THE PROBLEM:
When the word "Mens" shows up in a line of the data below, copy that whole line.

········

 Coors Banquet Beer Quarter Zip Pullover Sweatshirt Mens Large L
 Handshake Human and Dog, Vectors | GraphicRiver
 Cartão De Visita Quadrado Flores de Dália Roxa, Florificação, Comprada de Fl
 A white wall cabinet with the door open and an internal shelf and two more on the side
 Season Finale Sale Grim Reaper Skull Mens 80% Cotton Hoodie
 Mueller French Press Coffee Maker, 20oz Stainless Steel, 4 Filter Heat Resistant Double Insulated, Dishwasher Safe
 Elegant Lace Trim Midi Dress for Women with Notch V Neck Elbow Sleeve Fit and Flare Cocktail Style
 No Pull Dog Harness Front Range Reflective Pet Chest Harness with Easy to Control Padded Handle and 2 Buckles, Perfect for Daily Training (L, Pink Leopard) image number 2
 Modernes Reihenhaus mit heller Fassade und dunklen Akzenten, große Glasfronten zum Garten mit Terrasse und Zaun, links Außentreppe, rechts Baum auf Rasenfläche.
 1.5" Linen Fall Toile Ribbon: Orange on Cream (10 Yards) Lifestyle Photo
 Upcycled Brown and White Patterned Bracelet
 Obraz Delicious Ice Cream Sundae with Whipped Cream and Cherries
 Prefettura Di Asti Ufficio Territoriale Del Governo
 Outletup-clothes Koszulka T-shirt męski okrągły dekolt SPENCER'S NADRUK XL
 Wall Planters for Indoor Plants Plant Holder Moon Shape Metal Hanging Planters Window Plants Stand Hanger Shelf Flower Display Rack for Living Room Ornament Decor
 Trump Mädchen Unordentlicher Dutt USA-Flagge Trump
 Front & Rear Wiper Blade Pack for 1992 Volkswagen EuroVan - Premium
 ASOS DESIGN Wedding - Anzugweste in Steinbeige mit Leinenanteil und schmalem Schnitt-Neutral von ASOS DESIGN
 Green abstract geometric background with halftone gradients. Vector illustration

········

ANSWER FOR THE TASK:
 Coors Banquet Beer Quarter Zip Pullover Sweatshirt Mens Large L
 Season Finale Sale Grim Reaper Skull Mens 80% Cotton Hoodie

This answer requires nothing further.